Forces News has been granted exclusive access into how the Royal Navy is helping the Joint Expeditionary Force (JEF) nations to respond to threats to the region.
In total, 20 ships from nine different nations are taking part in Baltic Protector, including 3,000 personnel.
The deployment, led by HMS Albion, is one of the biggest of its kind since the First World War.
It is the first training deployment of the UK-led JEF.
Brigadier Matt Jackson, Commander of Royal Marines 3 Commando Brigade, said it is about testing the allies' ability to "work together in the event of any crisis".
With Baltic Protector operating close to Russian waters, sailors said they are aware of potential threats.
"In international waters, just like in international airspace, everybody has the right to operate there by sea and by air," said Commodore James Parkin, commander of the amphibious task group.
"So, we have a right to be in the high seas, just like Russia.
"I'm absolutely certain we will see them operating in the Baltic, they are a Baltic state, just like many of the JEF nations are.
"I'm also certain any interaction will be safe, professional and cordial."
Baltic Protector has also given Royal Marines the chance to sharpen their amphibious capability.

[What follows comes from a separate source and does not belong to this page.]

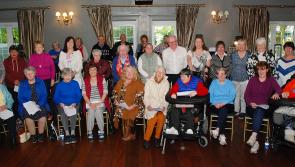 Age Friendly Roscrea's Rosie Grey Choir and Ukulele group perform for Racket Hall residents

Alongside Danish and Norwegian forces, they are practising helicopter raids, dealing with vehicle ambushes, urban combat, parachute drops and also live firing.
Over the coming weeks, JEF will conduct more training as part of the wider mission, Operation Cabrit.
The task group will go on to work alongside more NATO allies on Exercise Baltops before linking up with land forces, including a UK-led battlegroup, in the eastern Baltic.